Debugging can be very difficult. If you did the last Optional
Extension in Experiment 8.1, you can extend your logging
facility to include sequence number information. Or you can
simply have your client display two vital pieces of
information: the sequence number it is expecting and the
sequence number in the datagram it has received. What you
do not want is for your system not to work and give you
no information as to why it does not work.
Set a very high timeout value in your select
statements for debugging purposes.
When you read about the sliding window protocol in
textbooks, you get the impression that you set a
timer for each datagram transmitted. In fact, the
protocol is often implemented with a single timer.
Compatibility is quite an issue on this assignment.
My first solution used the ualarm
function followed by a loop with
the recv function. If the timer goes off,
recv returns a negative number of bytes, and
errno will be set to
EINTR . Unfortunately, ualarm is not a standard
feature of Linux so my solution worked only on Solaris.
I put the problem aside to work on other things and came
across the function setitimer . After varyifying
that Linux offers this function, I quickly produced a second
Solaris solution. I then discovered that this function simply
does not work the same way on Linux, in fact, it didn't work
at all. I tried it on Mandrake 8.1, Red Hat 7.3, and SuSE 8.1
and it failed consistently. In desperation I turned to an old
friend, the select function and was able to
produce a portable solution.
Here is a sketch of the algorithm assuming a window
size of 8 datagrams:
- Set up an array of datagrams. The size of the
array will be the window size, 8. Each entry in
this array should have, at a minimum, a time stamp
and a flag indicating its status.
- Send 8 datagrams recording the time for each
and setting a timer for the first one only.
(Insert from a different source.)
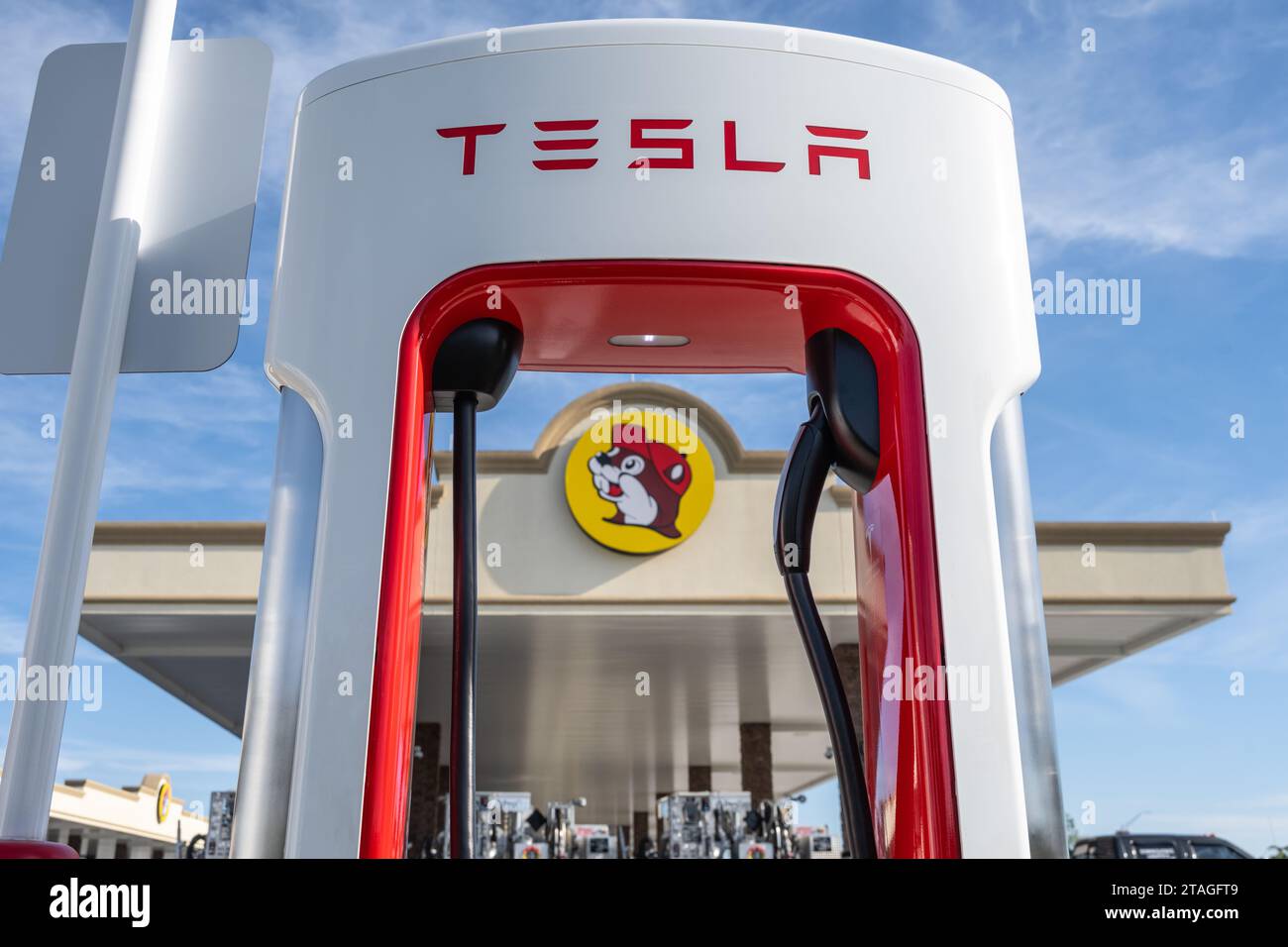 Tesla EV Supercharger at the Buc-ees travel center fueling station along I-95 in Daytona Beach, Florida. (USA) Stock Photo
- Repeatedly attempt to receive the number of
acknowledgments that corresponds to the number of
outstanding datagrams. Whenever one is received,
change the flag in the appropriate place from SENT
to ACKED. You can only slide the window if the
oldest datagram has been acknowledged. My advice is
to think this through carefully with a simple
example in mind. Suppose you send datagrams 0
through 7. Suppose acknowledgements come in for
3, 0, 4, 2, 7, 5, 6, 1 in that order. When you get
number 0, you can slide the window and when you get
number 1. In the other cases you can only change
the flag.
- Whenever the oldest datagram has been
acknowledged, you need to set a timer for what is
now the oldest unacknowledged datagram.
- If your receive loop times out, you have to do
two things. One is easy, and one is hard.
Obviously,
you need to resend datagrams which are still in the
SENT state. That is simple to do. However, they need
new time stamps, and you need to restart your
timer. It turns out that there is a reasonably easy
way to do this, but it takes some thinking.
- It would seem that figuring out the
circumstances in which your server should terminate
ought to be easy. Not quite. This too takes some
thinking. (Are we seeing a common theme here?)
For testing use a high value for the
jitter
parameters and for the drop parameter
and/or the corrupt parameters. It is extremely
satisfying to see a reliable file transfer take place under
these conditions.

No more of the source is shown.